Some rough terrain while surveying Caples Creek

Through a combination of determination, a Garmin inReach, a team of generous researchers from UC Davis with a vehicle and support from other TU staff, we reset for the third day. We hiked downstream from the dam to survey a new section and complete the survey.

A healthy river thanks to prescribed burns

​The complied data lives in a public Google Earth Tour.

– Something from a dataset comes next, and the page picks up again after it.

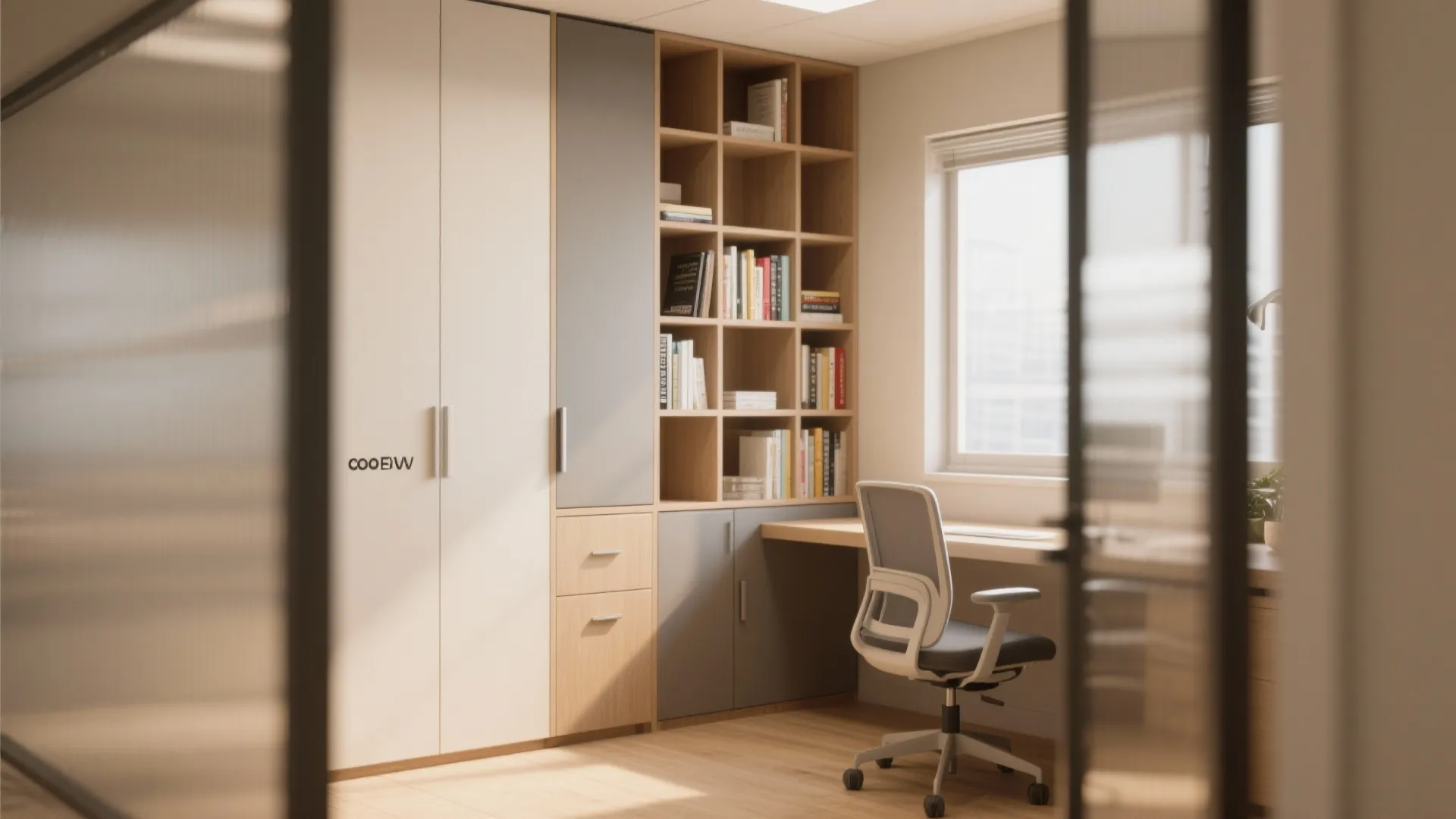 Tip 2: Layered storage solutions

Surprisingly, our data indicated that Caples Creek is a healthy, dynamic river and responded well to the ravages of the Caldor Fire​. This report from the Sierra Nevada Conservancy noted that

The Caples Project was one of the largest treated areas in the Caldor Fire burn area. While the edges of the Caples Project burned, the project landscape as a whole was resilient, despite the extreme heat and drought of the 2021 fire season. It was a rare place in the wildland where the fire slowed down and changed course, even as high winds drove it up and over the crest of the Sierra Nevada.

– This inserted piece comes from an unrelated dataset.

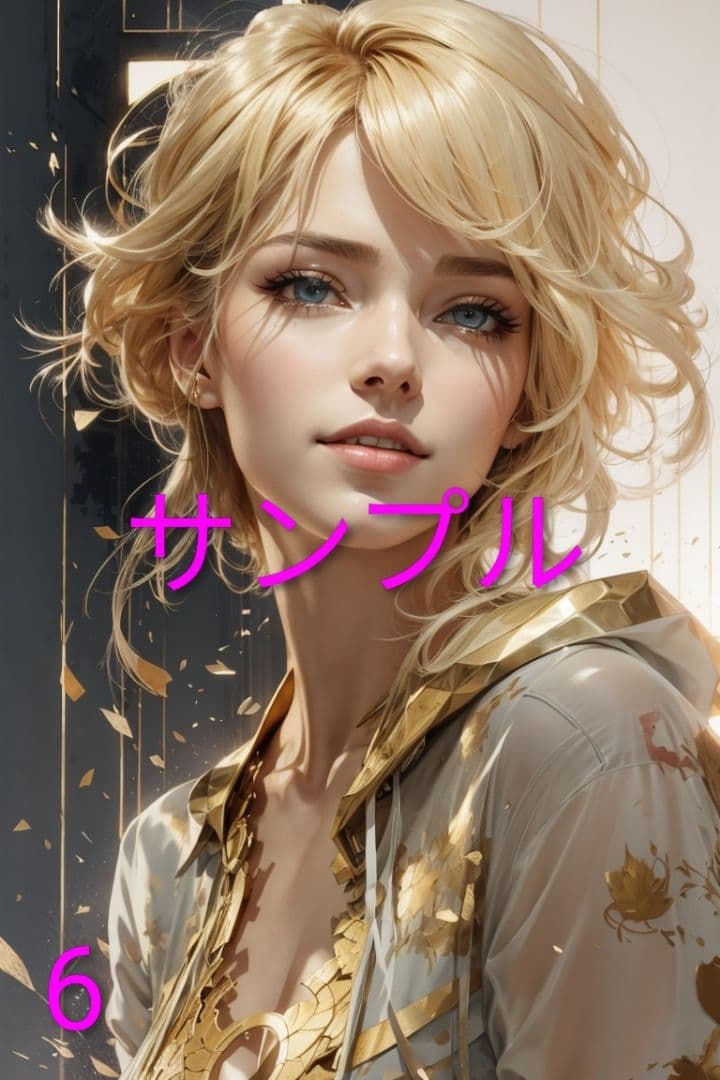 美少女デジタルイラスト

The scenery while surveying is stellar

During our survey, we found very few places where sediment input appeared excessive, and for the most part, the amount of sediment and structure found in the creek appeared to provide good to excellent habitat conditions for trout. ​

The many log jams we documented provided fantastic fish habitat, and in some cases were even pushing water into older, previously disconnected oxbows. ​Sediment deposition took place in pocket floodplains where a healthy riparian buffer continues to form. ​We saw—and caught—many trout around log jams. The lower part of the reach contained exclusively wild rainbow trout, while the upper third of the stream hosted wild brook trout.

Conditions on Caples Creek will continue to change for a number of years. Long-term monitoring is planned to evaluate the health of the fishery—and TU will continue to play an important role in that effort, but multiple sources report that past fuels reduction projects significantly mitigated damage from the fire.

Without Roadless Areas our native and wild trout are unlikely to continue to thrive as they have in the Caples Creek Roadless Area. And without the ability to mitigate catastrophic wildfires with prescribed burns in these areas, trout habitat loss could be devastating.